Andrew Coulson lists 5 simple things you should be doing whilst you’re engaging the community to help you next time you are out and about.
So you have read the blogs about how to do community engagement, you researched the processes and attended training on the tools and techniques. You may even have been a good community engagement practitioner and written an engagement and communications plan to help those who are walking the journey with you take the right steps but now your there and doing it what can you do during the process, alongside the business stuff, that will help you the next time you have to engage the community.
Here are 5 simple things you should be doing whilst you’re actually engaging the community to help you next time you are out and about.
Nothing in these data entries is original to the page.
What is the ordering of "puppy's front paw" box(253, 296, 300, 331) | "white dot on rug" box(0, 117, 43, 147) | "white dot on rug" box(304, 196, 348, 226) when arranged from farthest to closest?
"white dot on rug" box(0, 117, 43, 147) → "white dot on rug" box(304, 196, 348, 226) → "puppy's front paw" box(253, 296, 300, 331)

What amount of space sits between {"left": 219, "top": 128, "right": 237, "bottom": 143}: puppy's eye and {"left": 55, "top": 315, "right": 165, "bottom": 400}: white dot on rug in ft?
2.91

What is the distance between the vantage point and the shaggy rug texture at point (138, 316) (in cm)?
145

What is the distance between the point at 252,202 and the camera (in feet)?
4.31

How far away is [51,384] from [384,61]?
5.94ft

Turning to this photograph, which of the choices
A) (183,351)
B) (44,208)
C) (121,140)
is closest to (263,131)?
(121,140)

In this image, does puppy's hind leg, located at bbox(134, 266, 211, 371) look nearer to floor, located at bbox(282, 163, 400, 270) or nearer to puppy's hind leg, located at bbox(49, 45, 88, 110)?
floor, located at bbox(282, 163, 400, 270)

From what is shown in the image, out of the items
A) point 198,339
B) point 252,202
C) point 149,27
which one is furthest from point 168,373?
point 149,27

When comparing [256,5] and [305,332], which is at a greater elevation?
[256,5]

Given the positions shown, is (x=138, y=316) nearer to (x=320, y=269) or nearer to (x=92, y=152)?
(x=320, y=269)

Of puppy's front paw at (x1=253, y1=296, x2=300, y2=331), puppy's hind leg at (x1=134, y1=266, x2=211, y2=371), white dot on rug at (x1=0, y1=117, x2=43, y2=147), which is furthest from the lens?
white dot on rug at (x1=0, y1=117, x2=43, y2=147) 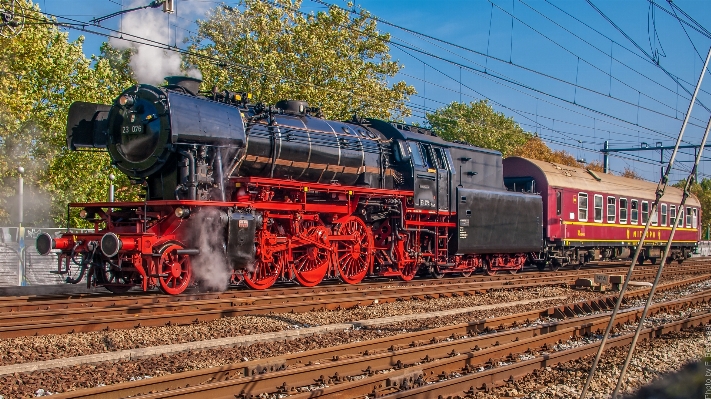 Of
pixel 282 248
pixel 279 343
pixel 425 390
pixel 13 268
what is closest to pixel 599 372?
pixel 425 390

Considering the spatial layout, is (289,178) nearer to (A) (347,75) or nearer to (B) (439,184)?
(B) (439,184)

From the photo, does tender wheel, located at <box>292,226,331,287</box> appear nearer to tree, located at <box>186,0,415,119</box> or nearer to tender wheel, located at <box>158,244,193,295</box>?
tender wheel, located at <box>158,244,193,295</box>

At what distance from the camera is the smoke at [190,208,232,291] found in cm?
1123

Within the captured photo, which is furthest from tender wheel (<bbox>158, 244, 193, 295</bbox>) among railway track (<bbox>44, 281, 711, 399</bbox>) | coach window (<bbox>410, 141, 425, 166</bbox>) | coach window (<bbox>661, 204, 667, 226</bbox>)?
coach window (<bbox>661, 204, 667, 226</bbox>)

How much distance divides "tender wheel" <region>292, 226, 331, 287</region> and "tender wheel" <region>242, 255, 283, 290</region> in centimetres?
42

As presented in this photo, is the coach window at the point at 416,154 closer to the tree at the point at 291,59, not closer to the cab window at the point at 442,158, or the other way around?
the cab window at the point at 442,158

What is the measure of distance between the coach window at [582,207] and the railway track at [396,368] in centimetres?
1252

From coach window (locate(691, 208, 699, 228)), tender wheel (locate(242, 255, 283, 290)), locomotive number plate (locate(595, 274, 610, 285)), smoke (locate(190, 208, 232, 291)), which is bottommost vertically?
locomotive number plate (locate(595, 274, 610, 285))

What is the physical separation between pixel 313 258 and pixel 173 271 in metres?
3.51

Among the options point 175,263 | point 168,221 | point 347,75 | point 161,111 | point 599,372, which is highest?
point 347,75

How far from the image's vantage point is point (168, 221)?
11.3m

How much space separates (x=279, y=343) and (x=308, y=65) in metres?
24.3

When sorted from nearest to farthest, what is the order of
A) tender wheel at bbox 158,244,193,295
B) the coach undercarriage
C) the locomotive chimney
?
tender wheel at bbox 158,244,193,295 → the locomotive chimney → the coach undercarriage

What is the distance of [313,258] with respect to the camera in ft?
45.4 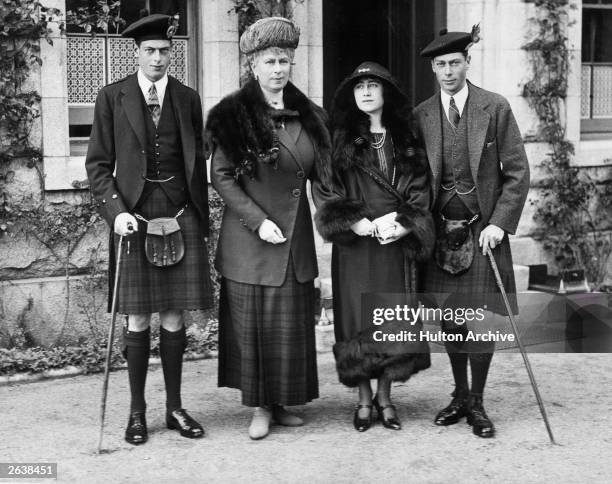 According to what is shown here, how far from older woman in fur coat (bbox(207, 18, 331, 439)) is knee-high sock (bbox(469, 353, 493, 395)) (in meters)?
0.85

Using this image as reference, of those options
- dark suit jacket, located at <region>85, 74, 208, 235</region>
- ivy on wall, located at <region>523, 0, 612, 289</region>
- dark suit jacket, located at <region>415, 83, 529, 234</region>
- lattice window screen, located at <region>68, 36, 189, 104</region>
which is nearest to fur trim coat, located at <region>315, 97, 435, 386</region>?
dark suit jacket, located at <region>415, 83, 529, 234</region>

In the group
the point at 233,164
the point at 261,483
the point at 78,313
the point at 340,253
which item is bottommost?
the point at 261,483

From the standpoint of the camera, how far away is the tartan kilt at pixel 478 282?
5.27 metres

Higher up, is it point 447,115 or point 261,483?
point 447,115

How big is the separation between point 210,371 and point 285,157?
1959 mm

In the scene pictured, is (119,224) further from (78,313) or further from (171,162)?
(78,313)

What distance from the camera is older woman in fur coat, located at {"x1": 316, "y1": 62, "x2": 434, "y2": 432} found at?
17.0 feet

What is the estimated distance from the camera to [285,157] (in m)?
5.17

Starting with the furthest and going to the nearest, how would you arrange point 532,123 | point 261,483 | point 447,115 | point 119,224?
point 532,123 → point 447,115 → point 119,224 → point 261,483

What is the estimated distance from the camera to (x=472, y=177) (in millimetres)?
5223

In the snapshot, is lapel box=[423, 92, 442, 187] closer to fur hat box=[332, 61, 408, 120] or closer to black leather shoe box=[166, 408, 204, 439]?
fur hat box=[332, 61, 408, 120]

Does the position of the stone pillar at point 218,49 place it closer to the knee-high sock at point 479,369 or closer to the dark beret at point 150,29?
the dark beret at point 150,29

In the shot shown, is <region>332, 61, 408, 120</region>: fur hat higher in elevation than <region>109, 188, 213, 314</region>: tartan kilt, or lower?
higher

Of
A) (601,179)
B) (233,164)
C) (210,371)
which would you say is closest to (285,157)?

Keep Building Relationships
No brainer. Get to know your community better before, during and after a process. Learn who is who, what their interests are, what pushes their buttons, how do you start conversations with them, who are the key players, groups, influencers, who they shout for on a Saturday afternoon and what their wife/husband/dogs name is! Whilst you’re engaging on your current project don’t forget to take mental notes for next time as you never know when you’ll need to speak to them again or what it could be about.
Get the questions and the answers right
Whilst engaging, get to know your audience first before you set questions for them and be meaningful in all you ask of them. Know and be confident about the subject you are engaging on or at least have people with you that you can refer to when needed. Demographic questions have their place and don’t need to be included in everything you do and make sure the questions you ask have no ulterior motive. Keeping surveys short, open and interactive is more likely to get better responses than one with 20 mins of wordy questions and yes/no tick boxes. Next time you ask them to do it they will feel more at ease that it’s not going to sap the life out of them to take part.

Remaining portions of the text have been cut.